Ich laufe jedes Terrain mit den Schuhen, brauche keine anderen mehr.

Wie? Keine Stiefel mehr mit Knöchelschutz? Oben auf dem Teide, dem Pico Viejo, Guajara, alles mit den Dingern?



Klar. Den sicheren Halt und Tritt, das machen die Füße, nicht die Stiefel.

Im Prinzip kenne ich das ja auch. Ich hatte nie so großen Spaß wie damals, als ich den Montana Sombrero runtergehirscht bin. Der Aufstieg war nicht so prickelnd, aber der Abstieg eine echte Freude. Hat richtig Spaß gemacht. Hier, der Schuh war das. Na gut. Was kostet denn sowas?

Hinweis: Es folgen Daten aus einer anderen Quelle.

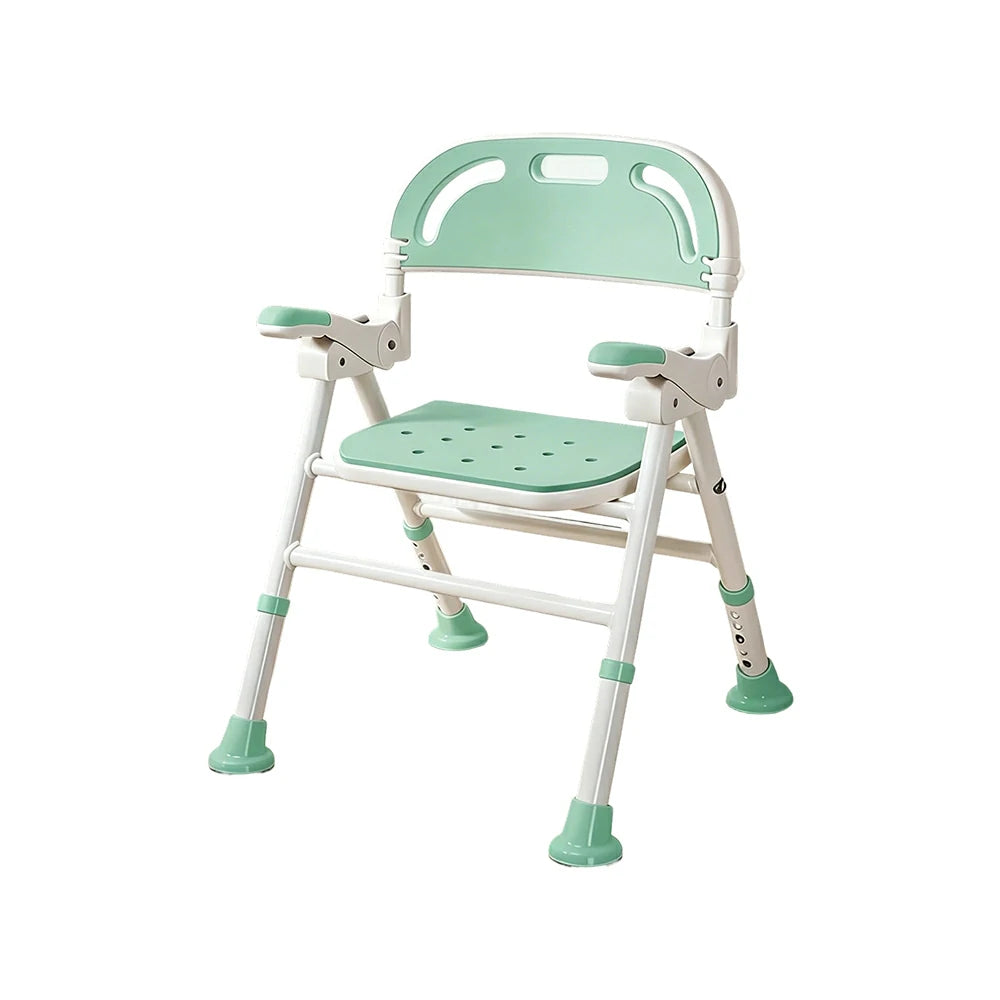LIVARA Wide Foldable Shower Chair Extra-wide Seat EVA Cushion Triangular Support Anti-slip Feet for Elderly Pregnant Bathroom Home Use - Green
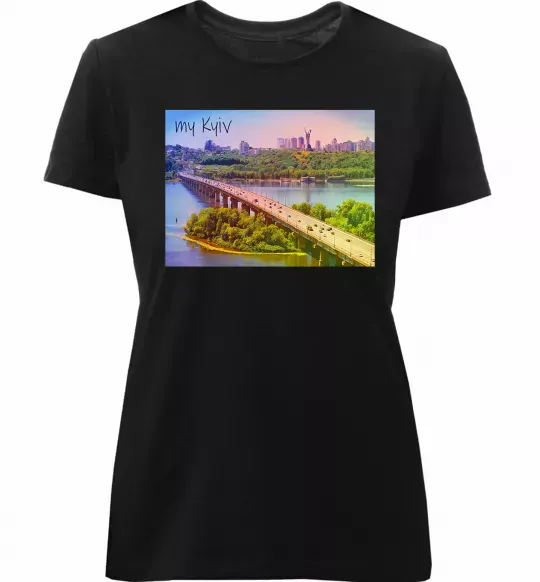 Жіноча преміум футболка My Kyiv Чорний фото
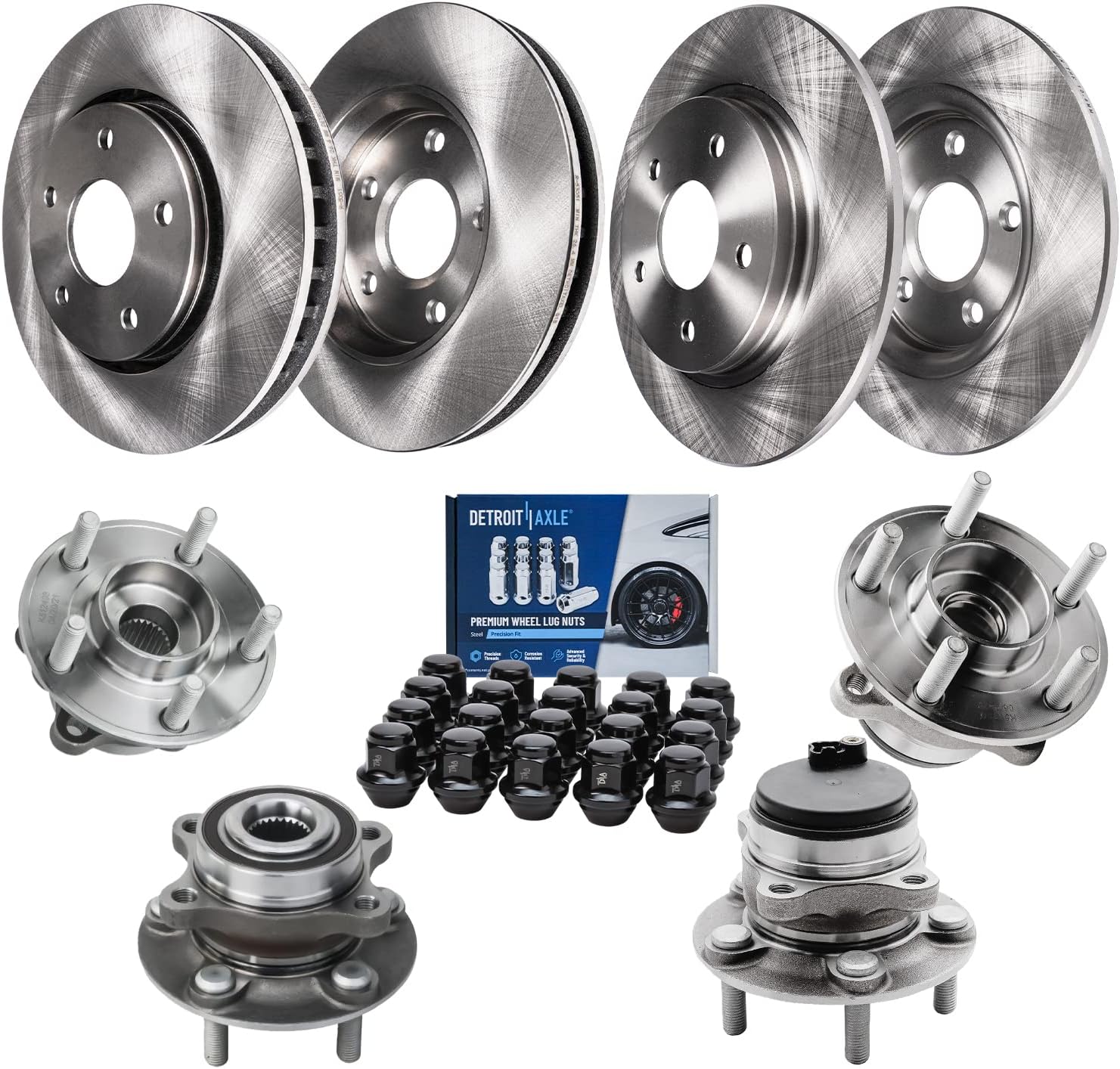 thumbnail image 2 of Front Disc Brake Rotors Pads Wheel Hub Tie Rod Kit For 2008-2011 Ford Focus – Detroit Axle 10-Year Warranty 2 of 5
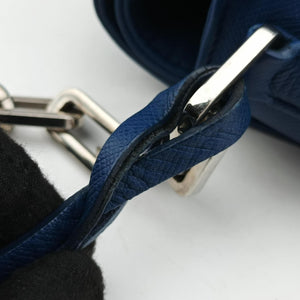 Pre-owned Prada Sound Lock Blue SAFFIANO Leather  shoulderbag | stylenewstar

Um die 150 Euro, ich kann dir aber einen Freundschaftspreis machen.

Wenn ich die jetzt kaufen täte, dann könnte ich schon morgen damit die Masca-Schlucht runterknattern?

Ja klar, läufst die noch ein bißchen ein.

Gut, dann probiere ich die mal an.

[Pause]

Stark. Ich habe noch nie jemanden gesehen, der die so schnell anhatte.

Sind gekauft. Also, eine Runde auf der Strandpromenade, das reicht?

Das reicht. Du bist es doch fast schon gewohnt.


Gesagt getan. Sind gekauft, wurden gleich anbehalten und im Laufe des Tages mit wenigen Kilometern unterschiedlichsten Belags getestet.

Das Staunen war anderntags groß, als der Wanderfreund mit den Galoschen am Treffpunkt aufschlug und nichts weiter als gute Laune, einen Schelmenblick und 2 Liter Wasser zum Wandern mitbrachte, und Fotoapparat natürlich. Es wurde zig mal nachgefragt, ob das ernst gemeint sei, mit den Tretern die Schlucht runterzukullern. War es.

Vor allem aber war es ein Vergnügen der Extraklasse, denn noch nie hat Wandern, Gehen, Laufen so viel Spaß gemacht, wie mit diesem Schuh, dem "Vibram Fivefingers KMD". Den Tag drauf wurde gleich noch eine Vulkantour hinterhergeschoben, um sie auch in etwas schwierigerem Terrain zu Probieren.

Etwas später schlug der Wanderfreund noch einmal im Laden der sich erinnernden Wanderführerin auf und erstattete begeistert Bericht.

Willkommen im Klub.

Seit Mai des Jahres läuft der Autor fast nur noch in diesen komischen Schuhen herum und hat nicht einen Schritt bereut.